Оклахома раскинулась вокруг нас — мир, распростертый по всем направлениям от того места, где мы стояли на гравиевой обочине шоссе, только мы с ним вдвоем, он и я, и я сказал своему отцу, что никогда не встречу ту самую единственную девчонку. Которая на всю жизнь.
А он сказал:
— Не надо так говорить. — По-прежнему щурясь на горизонт, он сказал: — Просто не надо робеть, надо быть посмелее.

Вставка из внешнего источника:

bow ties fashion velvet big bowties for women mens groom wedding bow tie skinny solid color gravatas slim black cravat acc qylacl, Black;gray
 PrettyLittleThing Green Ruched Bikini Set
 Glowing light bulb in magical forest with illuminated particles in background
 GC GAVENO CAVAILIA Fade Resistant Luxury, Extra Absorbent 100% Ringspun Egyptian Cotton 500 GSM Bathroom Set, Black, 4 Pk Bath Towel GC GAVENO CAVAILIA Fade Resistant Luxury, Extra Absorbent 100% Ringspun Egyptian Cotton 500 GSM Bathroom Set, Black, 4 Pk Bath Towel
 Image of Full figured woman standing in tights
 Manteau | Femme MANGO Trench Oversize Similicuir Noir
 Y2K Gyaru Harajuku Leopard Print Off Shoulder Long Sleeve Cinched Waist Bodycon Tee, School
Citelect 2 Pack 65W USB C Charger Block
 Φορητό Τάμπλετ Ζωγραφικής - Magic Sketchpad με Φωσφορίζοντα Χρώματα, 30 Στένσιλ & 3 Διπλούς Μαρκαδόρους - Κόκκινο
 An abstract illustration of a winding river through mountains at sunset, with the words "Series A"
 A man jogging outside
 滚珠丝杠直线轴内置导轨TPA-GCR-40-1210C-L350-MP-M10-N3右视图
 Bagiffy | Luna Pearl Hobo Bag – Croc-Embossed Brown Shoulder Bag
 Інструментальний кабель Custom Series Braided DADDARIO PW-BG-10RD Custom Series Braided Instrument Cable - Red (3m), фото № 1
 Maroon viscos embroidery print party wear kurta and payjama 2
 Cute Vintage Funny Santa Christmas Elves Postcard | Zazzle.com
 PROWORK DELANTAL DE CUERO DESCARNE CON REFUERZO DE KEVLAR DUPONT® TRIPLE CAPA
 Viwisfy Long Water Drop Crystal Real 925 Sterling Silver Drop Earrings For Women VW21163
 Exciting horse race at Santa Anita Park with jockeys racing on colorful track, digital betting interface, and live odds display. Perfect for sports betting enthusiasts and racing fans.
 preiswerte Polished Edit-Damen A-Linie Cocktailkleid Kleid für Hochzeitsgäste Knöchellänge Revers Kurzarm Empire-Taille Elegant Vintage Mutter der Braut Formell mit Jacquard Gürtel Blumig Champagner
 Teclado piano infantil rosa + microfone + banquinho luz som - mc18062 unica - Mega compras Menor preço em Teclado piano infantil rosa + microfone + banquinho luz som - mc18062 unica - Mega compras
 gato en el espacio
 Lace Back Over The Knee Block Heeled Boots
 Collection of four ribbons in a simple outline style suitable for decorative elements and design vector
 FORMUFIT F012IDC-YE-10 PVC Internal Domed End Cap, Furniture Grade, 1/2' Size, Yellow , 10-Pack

Этот черный фломастер, говорит девочка-ассистентка, он как временная татуировка. Вообще не смывается. То есть когда-то он смоется. Только на это уйдет целая жизнь одного куска мыла.
Вставляя фломастер обратно в держатель в верхней части планшета, она говорит:
— Надеюсь, у вас в гардеробе хватает рубашек с длинным рукавом.
Камни и солнце. Автобуса что-то не видно. Вся моя одежда, которая есть, лежит в чемодане. Мне надо было заткнуться. Или сменить тему. Например, заговорить о прогнозе погоды или о ценах на бушель озимой пшеницы. Мы могли бы скоротать время за разговором о миссис Уэллтон, начальнице почты, и о ее слизистом колите. Или поговорить о достоинствах и недостатках новых тракторов «Месси» в сравнении с «Джоном Диром», или вспомнить о том, каким дождливым и холодным выдалось прошлое лето, и тогда нам обоим было бы проще — и теперь мы бы были гораздо счастливее, оба.
Этот автобус, он по-прежнему где-то за горизонтом.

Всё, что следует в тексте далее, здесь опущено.